═══ DATASET EXCERPTS ═══

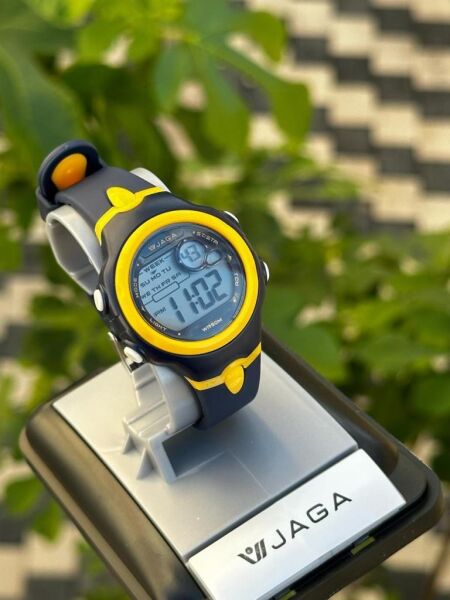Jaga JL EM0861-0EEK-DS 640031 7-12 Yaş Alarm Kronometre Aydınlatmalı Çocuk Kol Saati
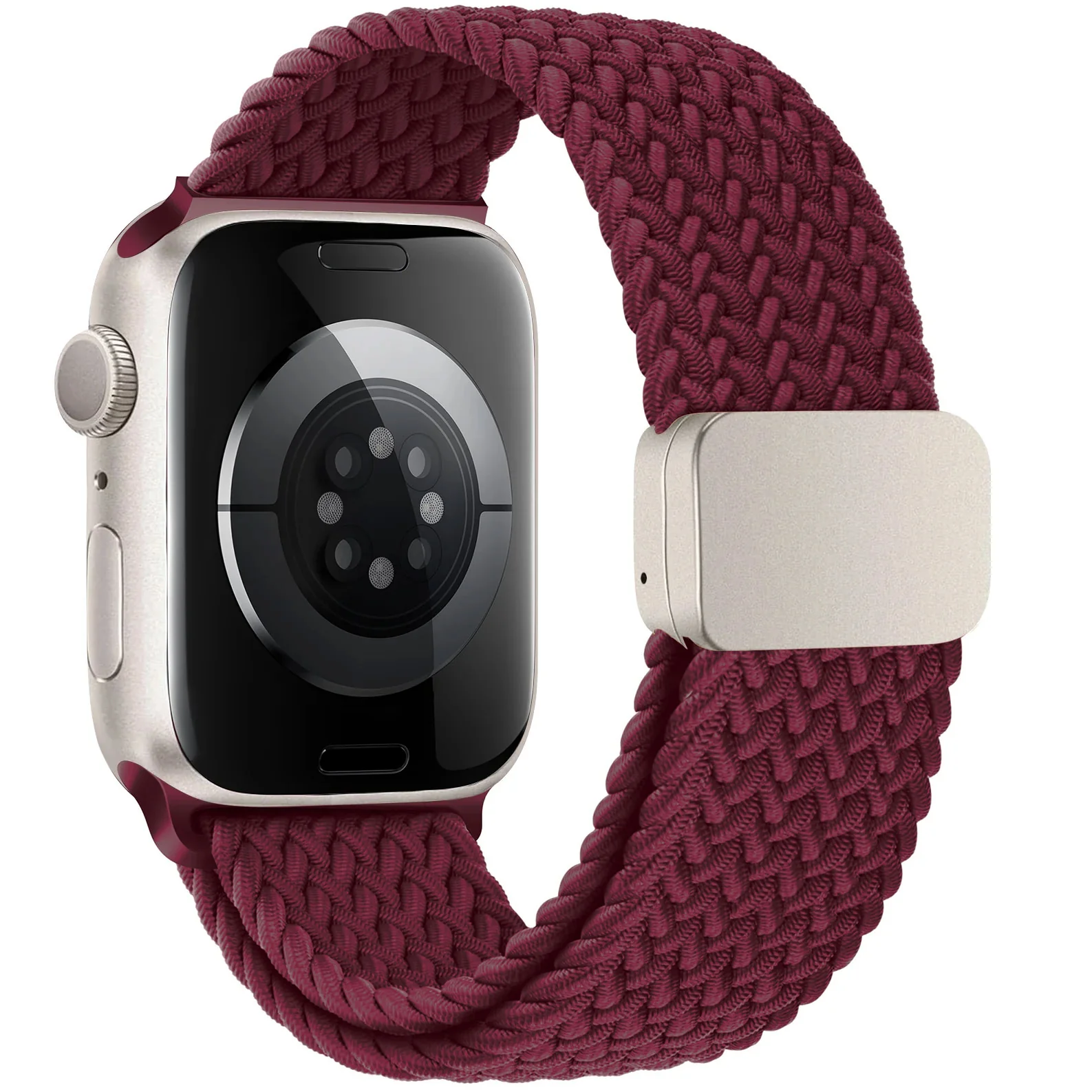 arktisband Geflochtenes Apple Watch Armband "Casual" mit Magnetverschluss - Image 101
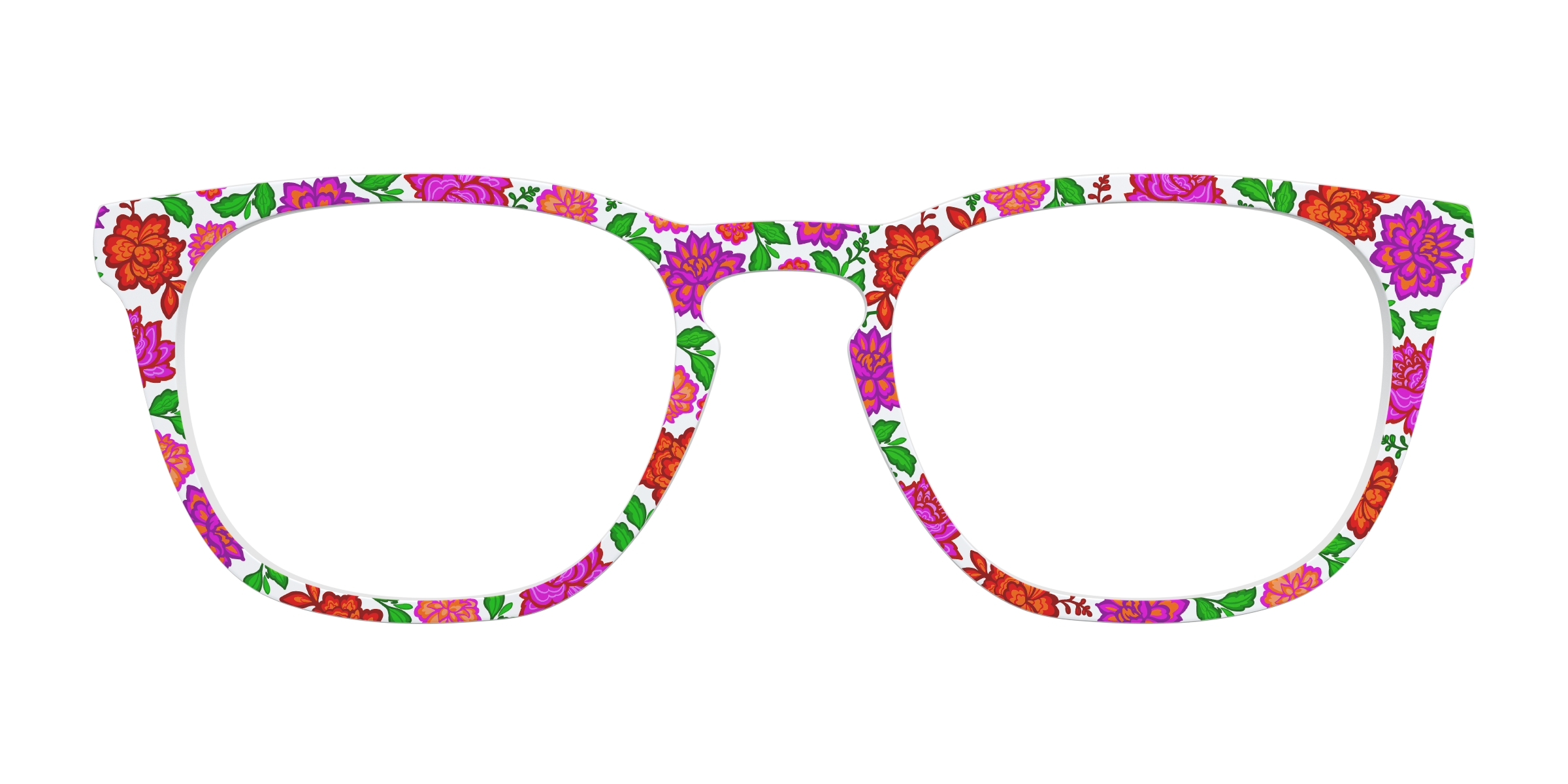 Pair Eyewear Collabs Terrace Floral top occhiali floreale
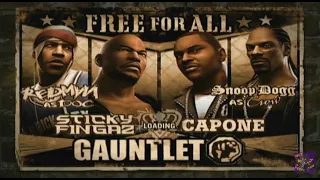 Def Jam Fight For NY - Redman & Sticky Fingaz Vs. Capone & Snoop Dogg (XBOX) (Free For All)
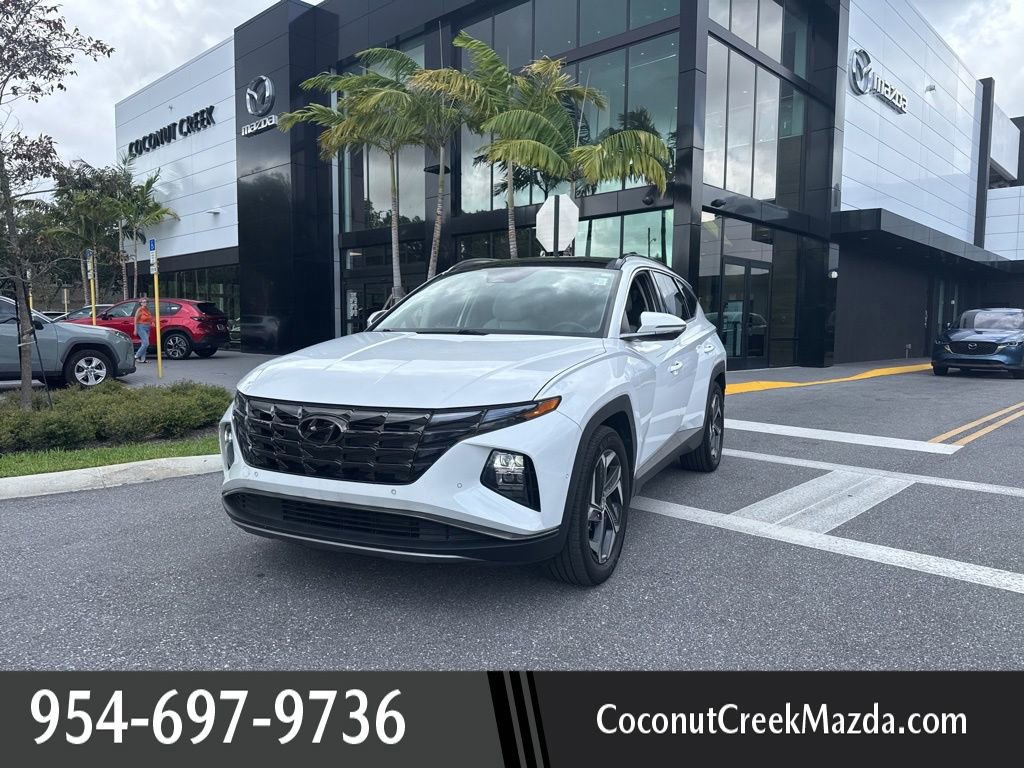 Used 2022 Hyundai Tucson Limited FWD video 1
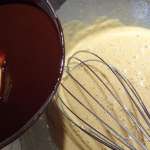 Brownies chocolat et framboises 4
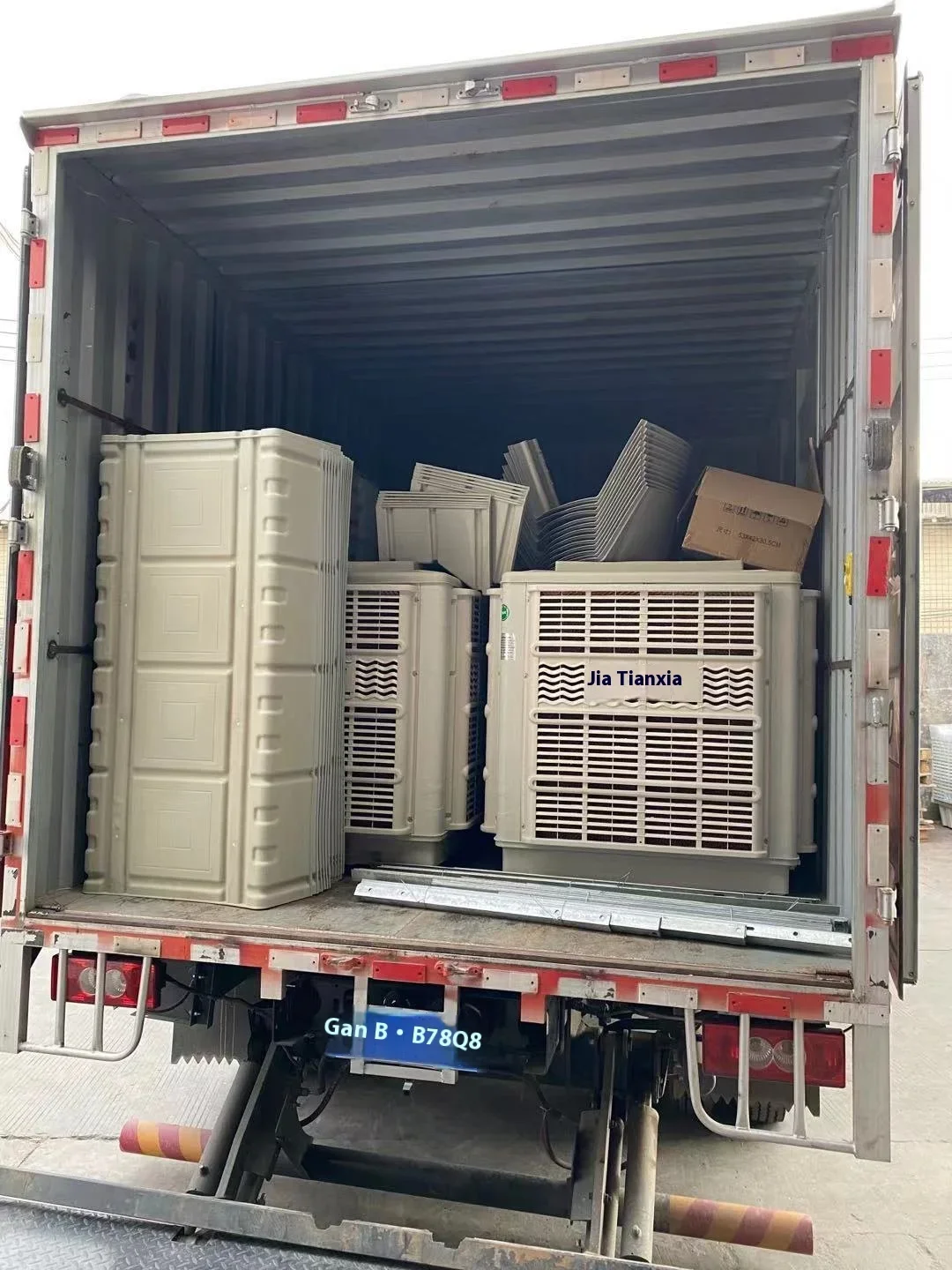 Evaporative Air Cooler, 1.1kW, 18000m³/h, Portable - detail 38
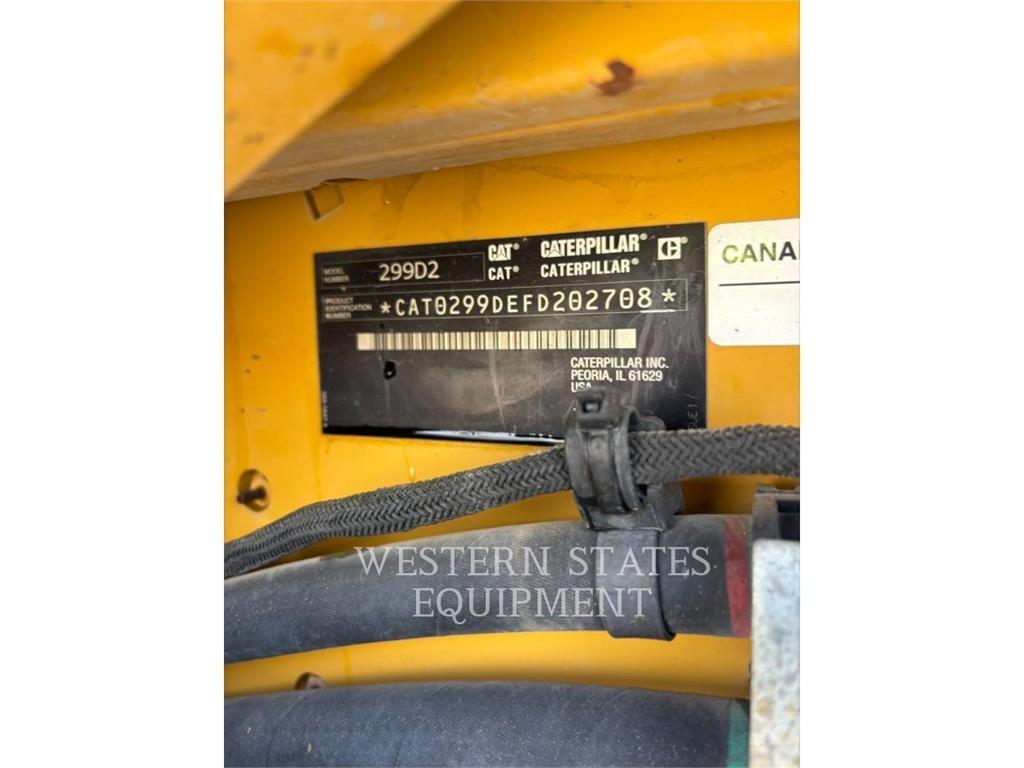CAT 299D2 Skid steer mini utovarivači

═══

> **WHAT IS NEEDED**:
A word-for-word copy of the records is required. Leave out every picture.

> **THE COMPLETED TASK**:
Jaga JL EM0861-0EEK-DS 640031 7-12 Yaş Alarm Kronometre Aydınlatmalı Çocuk Kol Saati
 arktisband Geflochtenes Apple Watch Armband "Casual" mit Magnetverschluss - Image 101
 Pair Eyewear Collabs Terrace Floral top occhiali floreale
 Def Jam Fight For NY - Redman & Sticky Fingaz Vs. Capone & Snoop Dogg (XBOX) (Free For All)
 Used 2022 Hyundai Tucson Limited FWD video 1
 Brownies chocolat et framboises 4
 Evaporative Air Cooler, 1.1kW, 18000m³/h, Portable - detail 38
CAT 299D2 Skid steer mini utovarivači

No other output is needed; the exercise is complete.